Problem:
After locating the line with "this 480×270 image.", retype it and every later line exactly, stopping at the end of the records.

Entries taken from a collection:
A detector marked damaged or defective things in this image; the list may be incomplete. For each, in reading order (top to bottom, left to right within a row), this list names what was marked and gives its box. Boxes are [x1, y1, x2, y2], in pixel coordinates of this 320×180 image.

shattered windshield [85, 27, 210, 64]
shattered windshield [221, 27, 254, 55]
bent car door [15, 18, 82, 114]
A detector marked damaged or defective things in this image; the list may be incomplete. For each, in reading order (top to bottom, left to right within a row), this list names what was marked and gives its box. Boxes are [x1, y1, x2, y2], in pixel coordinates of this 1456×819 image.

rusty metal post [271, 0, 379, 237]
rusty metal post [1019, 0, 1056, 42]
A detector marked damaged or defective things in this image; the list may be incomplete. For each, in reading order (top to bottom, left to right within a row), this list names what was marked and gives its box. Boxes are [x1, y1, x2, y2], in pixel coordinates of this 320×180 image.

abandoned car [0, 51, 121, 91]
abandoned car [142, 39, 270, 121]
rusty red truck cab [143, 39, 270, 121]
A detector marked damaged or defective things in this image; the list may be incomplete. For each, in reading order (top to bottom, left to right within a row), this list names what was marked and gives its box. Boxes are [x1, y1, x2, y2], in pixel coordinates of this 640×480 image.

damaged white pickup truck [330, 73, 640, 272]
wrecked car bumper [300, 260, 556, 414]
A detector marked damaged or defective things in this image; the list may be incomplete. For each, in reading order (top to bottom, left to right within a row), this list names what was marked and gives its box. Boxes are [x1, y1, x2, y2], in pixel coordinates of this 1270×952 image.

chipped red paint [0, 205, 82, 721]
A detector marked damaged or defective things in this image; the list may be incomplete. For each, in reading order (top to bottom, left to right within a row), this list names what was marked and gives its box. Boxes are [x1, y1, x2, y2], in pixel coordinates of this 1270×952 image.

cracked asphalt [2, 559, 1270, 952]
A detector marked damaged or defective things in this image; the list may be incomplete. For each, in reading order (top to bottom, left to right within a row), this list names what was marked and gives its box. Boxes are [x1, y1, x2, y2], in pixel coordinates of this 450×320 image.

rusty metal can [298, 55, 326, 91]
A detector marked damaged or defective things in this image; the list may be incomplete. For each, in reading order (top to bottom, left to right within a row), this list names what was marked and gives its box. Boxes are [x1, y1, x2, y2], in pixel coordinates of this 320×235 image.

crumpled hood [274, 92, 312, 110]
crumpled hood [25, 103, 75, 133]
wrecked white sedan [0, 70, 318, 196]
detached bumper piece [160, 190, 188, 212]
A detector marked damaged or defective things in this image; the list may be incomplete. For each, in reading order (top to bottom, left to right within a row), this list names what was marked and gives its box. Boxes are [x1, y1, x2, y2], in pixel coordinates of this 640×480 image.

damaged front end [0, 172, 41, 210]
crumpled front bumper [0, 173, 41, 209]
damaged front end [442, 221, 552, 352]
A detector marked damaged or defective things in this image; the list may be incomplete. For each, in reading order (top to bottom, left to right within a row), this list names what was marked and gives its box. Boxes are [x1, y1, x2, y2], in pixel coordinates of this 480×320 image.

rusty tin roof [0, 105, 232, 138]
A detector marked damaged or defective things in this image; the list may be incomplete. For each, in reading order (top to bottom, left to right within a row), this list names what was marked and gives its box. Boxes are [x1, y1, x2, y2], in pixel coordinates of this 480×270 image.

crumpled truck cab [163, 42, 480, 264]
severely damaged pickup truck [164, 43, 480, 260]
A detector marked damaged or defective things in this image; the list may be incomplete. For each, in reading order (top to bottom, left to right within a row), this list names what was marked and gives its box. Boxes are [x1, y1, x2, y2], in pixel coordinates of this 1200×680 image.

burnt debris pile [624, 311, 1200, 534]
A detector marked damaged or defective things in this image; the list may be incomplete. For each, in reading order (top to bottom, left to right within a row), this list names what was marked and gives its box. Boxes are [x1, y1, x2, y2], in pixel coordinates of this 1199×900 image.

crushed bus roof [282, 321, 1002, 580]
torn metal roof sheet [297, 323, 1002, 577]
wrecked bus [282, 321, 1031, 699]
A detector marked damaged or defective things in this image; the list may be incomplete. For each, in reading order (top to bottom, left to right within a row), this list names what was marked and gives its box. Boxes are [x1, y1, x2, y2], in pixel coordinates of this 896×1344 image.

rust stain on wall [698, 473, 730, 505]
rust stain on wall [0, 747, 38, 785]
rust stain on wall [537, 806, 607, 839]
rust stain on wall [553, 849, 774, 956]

Task output:
A detector marked damaged or defective things in this image; the list may be incomplete. For each, in reading order (top to bottom, left to right within a row), this list names what was marked and gives its box. Boxes are [x1, y1, x2, y2], in pixel coordinates of this 480×270 image.

crumpled truck cab [163, 42, 480, 264]
severely damaged pickup truck [164, 43, 480, 260]
A detector marked damaged or defective things in this image; the list may be incomplete. For each, in reading order (top to bottom, left to right within a row), this list names what was marked and gives its box. Boxes are [x1, y1, x2, y2], in pixel coordinates of this 1200×680 image.

burnt debris pile [624, 311, 1200, 534]
A detector marked damaged or defective things in this image; the list may be incomplete. For each, in reading order (top to bottom, left to right within a row), this list names what was marked and gives its box. Boxes are [x1, y1, x2, y2], in pixel coordinates of this 1199×900 image.

crushed bus roof [282, 321, 1002, 580]
torn metal roof sheet [297, 323, 1002, 577]
wrecked bus [282, 321, 1031, 699]
A detector marked damaged or defective things in this image; the list may be incomplete. For each, in reading order (top to bottom, left to right within a row), this list names what was marked and gives its box. Boxes are [x1, y1, x2, y2], in pixel coordinates of this 896×1344 image.

rust stain on wall [698, 473, 730, 505]
rust stain on wall [0, 747, 38, 785]
rust stain on wall [537, 806, 607, 839]
rust stain on wall [553, 849, 774, 956]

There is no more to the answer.